┌─ Raw data

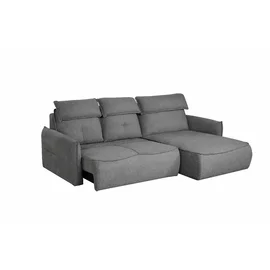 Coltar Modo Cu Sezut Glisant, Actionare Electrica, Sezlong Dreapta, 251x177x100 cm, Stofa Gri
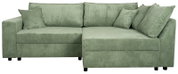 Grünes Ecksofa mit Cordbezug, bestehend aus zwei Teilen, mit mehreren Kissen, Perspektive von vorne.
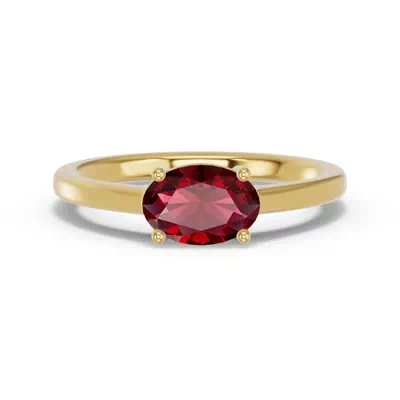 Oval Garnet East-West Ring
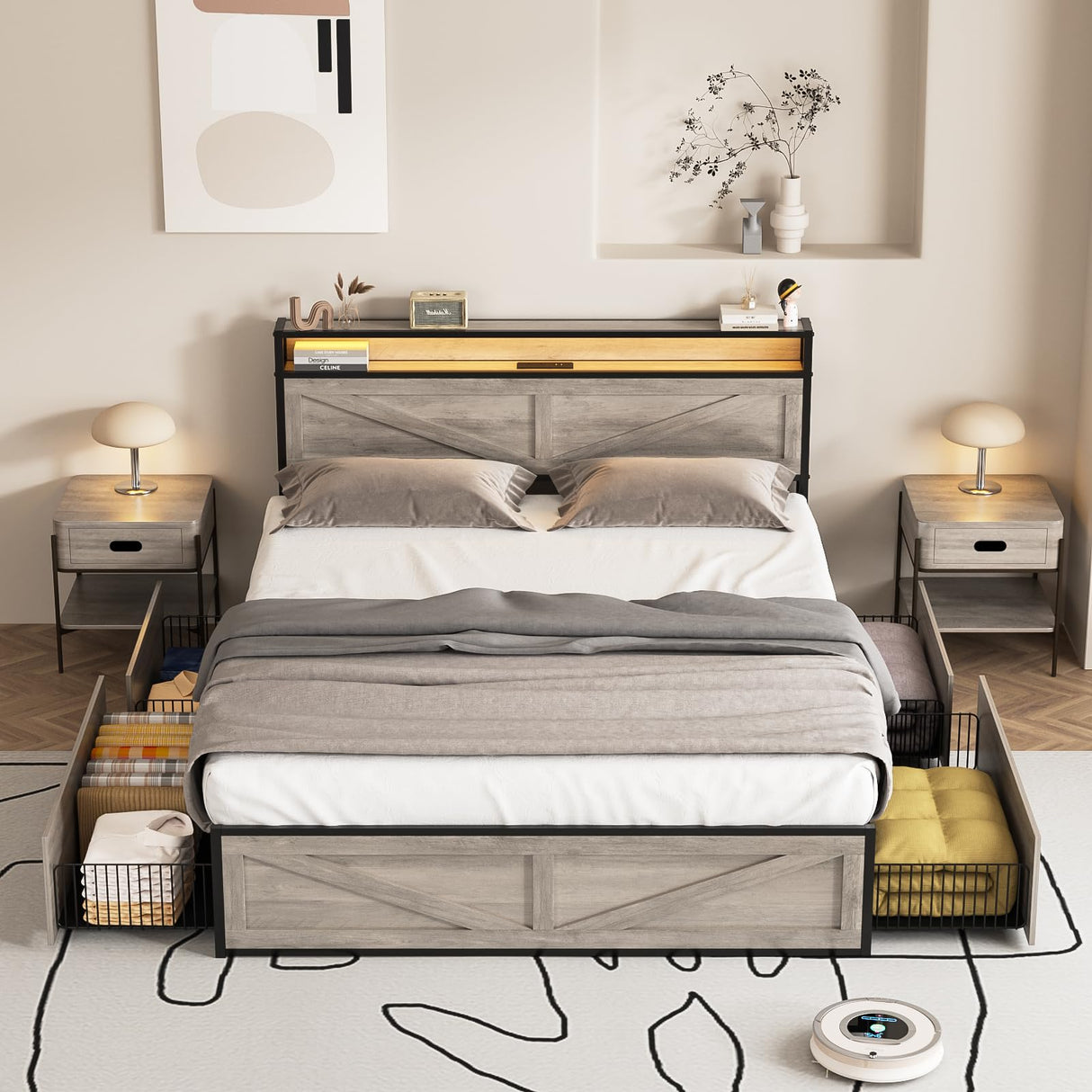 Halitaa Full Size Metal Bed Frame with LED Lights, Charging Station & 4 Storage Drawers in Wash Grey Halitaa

└─

- _Task to carry out_
Please give again only those lines that run from the one containing "Grünes Ecksofa mit" through the final line of the listing, both included, exactly as written and without pictures.

- _Result of this task_
 Grünes Ecksofa mit Cordbezug, bestehend aus zwei Teilen, mit mehreren Kissen, Perspektive von vorne.
 Oval Garnet East-West Ring
 Halitaa Full Size Metal Bed Frame with LED Lights, Charging Station & 4 Storage Drawers in Wash Grey Halitaa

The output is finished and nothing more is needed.